This week the Treasury have confirmed that a new campaign to support retailers and other major businesses to prepare for the new £1 coin has been launched. A new website has also been launched in honour of the new pound which comes into circulation in March 2017.
The release highlights that the government and Royal Mint are “supporting all businesses affected as the 30-year-old pound coin is brought out of circulation and replaced with a new 12-sided version”
All businesses are being encouraged to visit the New Pound Coin website (http://www.thenewpoundcoin.com/) to find out more information about the change.
There is believed to be around 45 million counterfeit £1 coins currently in circulation. The new coin has a number of features that make it much more difficult to counterfeit. The website describes the coin as “the most secure coin in the world” containing the following features:
- 12-sided – its distinctive shape makes it instantly recognisable, even by touch.
- Bimetallic – it is made of two metals. The outer ring is gold coloured (nickel-brass) and the inner ring is silver coloured (nickel-plated alloy).
- Latent image – it has an image like a hologram that changes from a ‘£’ symbol to the number ‘1’ when the coin is seen from different angles.
- Micro-lettering – it has very small lettering on the lower inside rim on both sides of the coin. One pound on the obverse “heads” side and the year of production on the reverse “tails” side, for example 2016 or 2017.
- Milled edges – it has grooves on alternate sides.
- Hidden high security feature – a high security feature is built into the coin to protect it from counterfeiting in the future.

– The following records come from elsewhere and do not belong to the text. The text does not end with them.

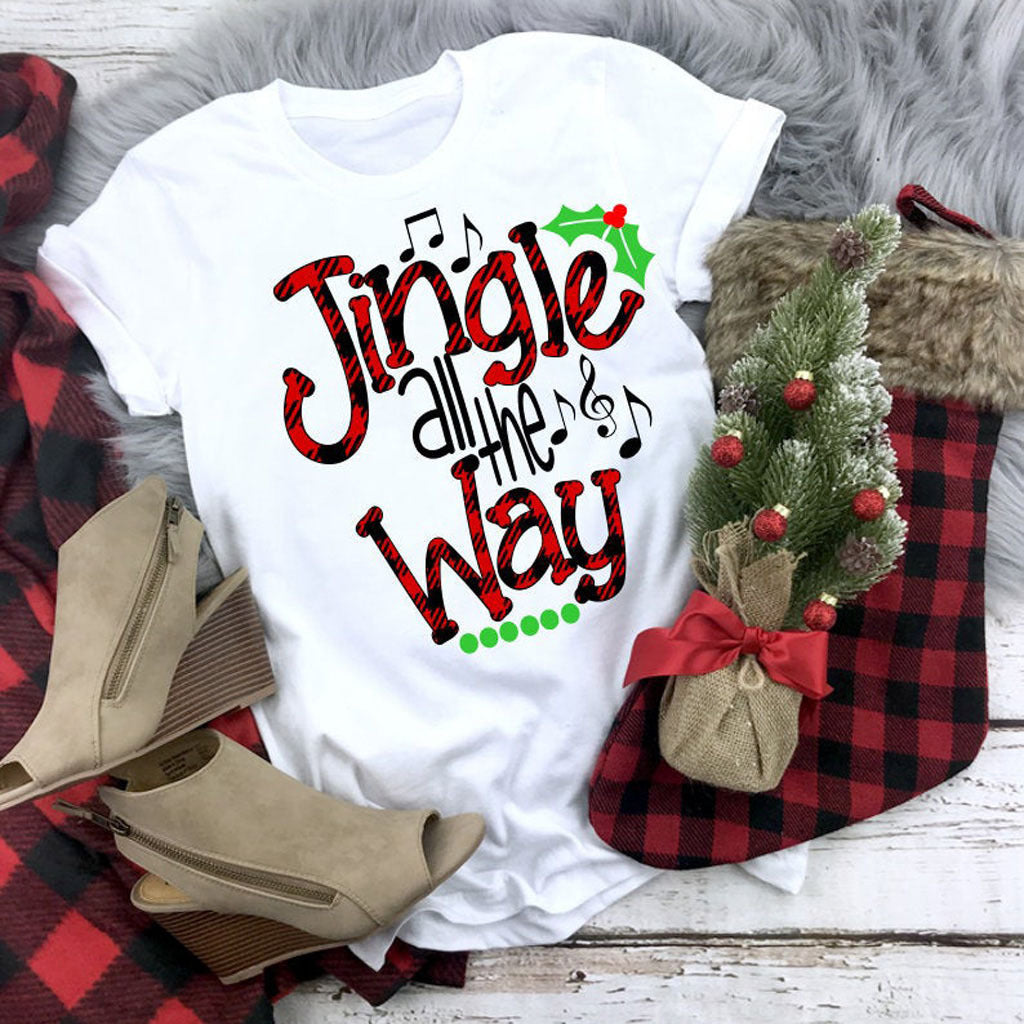 Christmas print ladies T-shirts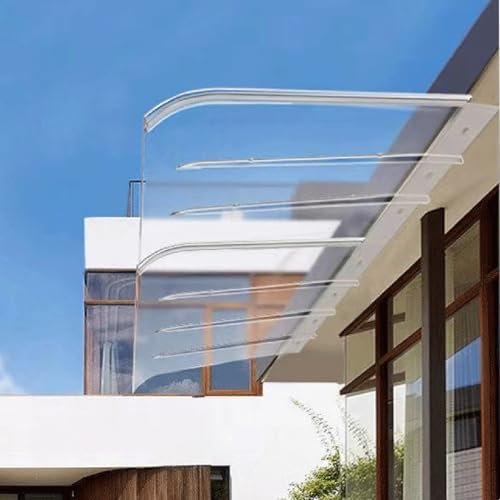 Transparente Polycarbonat-Baldachin für Veranda, Terrasse, Garten, flache Oberflächenmontage, unter Traufen, Schutz vor Sonne, Regen, Schnee, 50 x 360 cm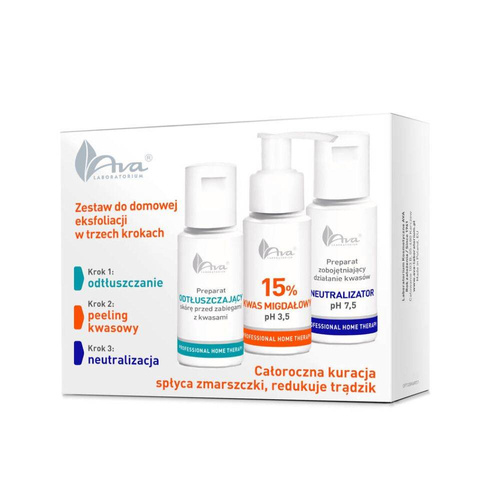 Ava Professional Home Therapy Zestaw do domowej eksfoliacji w trzech krokach z kwasem migdałowym 3x 50ml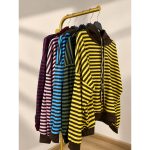Oversized Striped Hoodie - Pink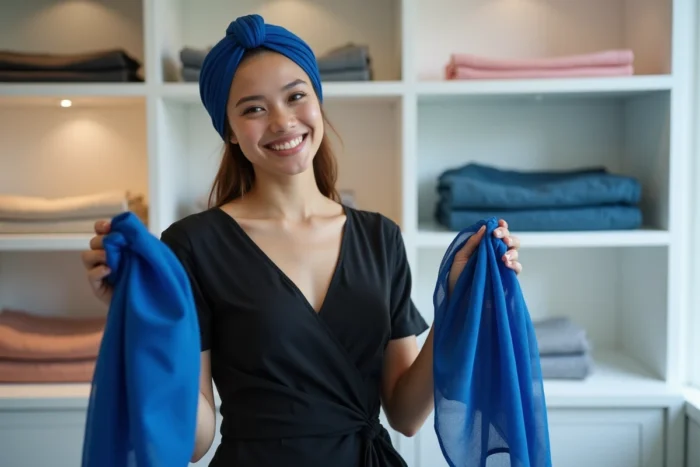 Jeune femme en robe noire portant un foulard en mousseline bleu cobalt en bandeau dans une boutique de mode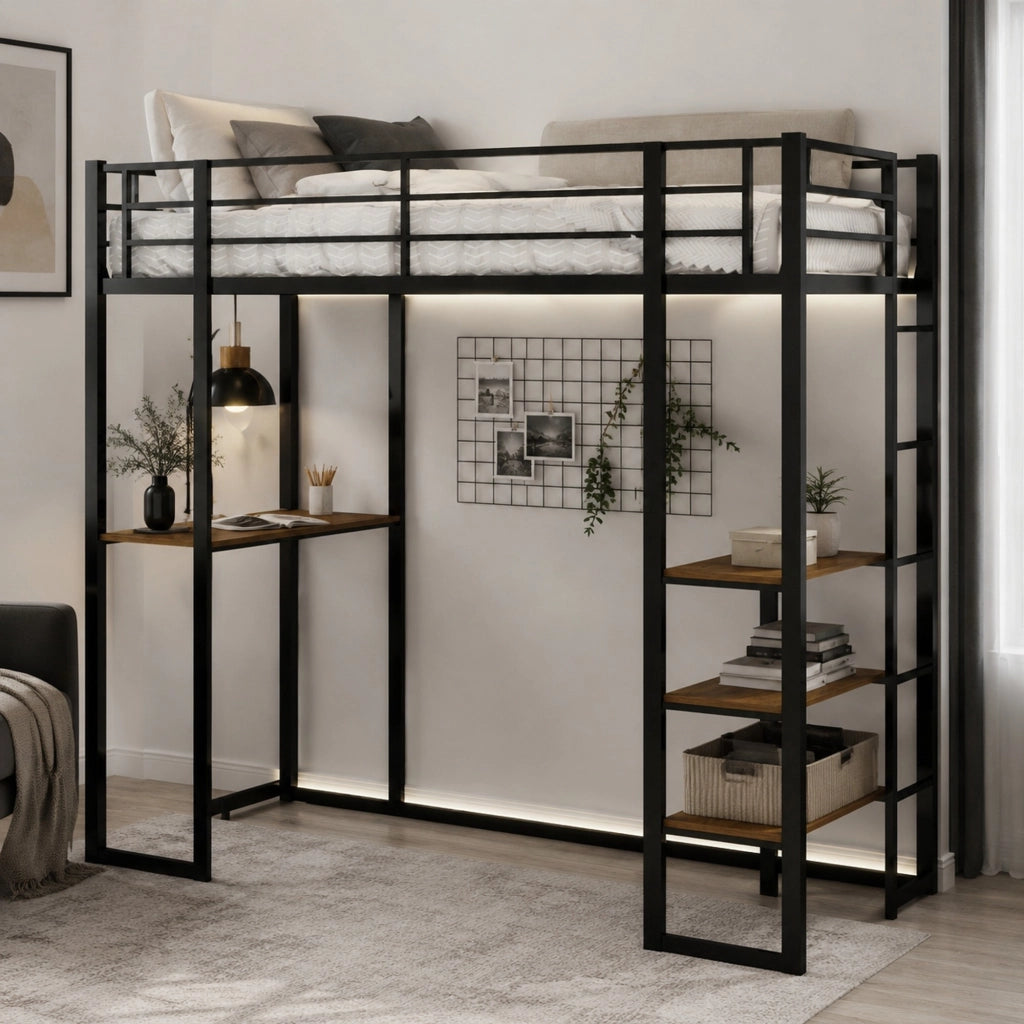 Letto a soppalco con scrivania e scale su entrambi i lati in ferro nero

The website has also produced guidance on what businesses need to be doing to get ready for the change:
“October 2016 to March 2017 – Preparing for the new £1 coin
- Check whether you operate equipment that handles the £1 coin;
- Contact your equipment supplier to find out if you need adaptations or replacements and by when;
- Make the changes to your coin handling equipment;
- Train your staff on the features of the new £1 coin;
- Consider any changes to your cash handling processes e.g. counting, storing and banking during the co-circulation period.
March 2017 to September 2017 – Co-circulation period
- You can accept both coins from your customers;
- Your equipment may be able to accept or dispense both £1 coins or just one. Please check with your equipment suppliers;
- You will need to tell your customers which coins your equipment can accept;
- You should agree with your bank or cash in transit (CIT) provider how to return the current £1 coin and new £1 coin.
Autumn 2017 – Demonetisation
- All your coin handling equipment should be able to accept the new £1 coin;
- You should not accept the round £1 coin from your customers and you should not distribute the round £1 coin;
- The round £1 coin can continue to be deposited into a customer’s account at most high street banks and the Post Office*
*check with your bank for more details, including deposit limits.”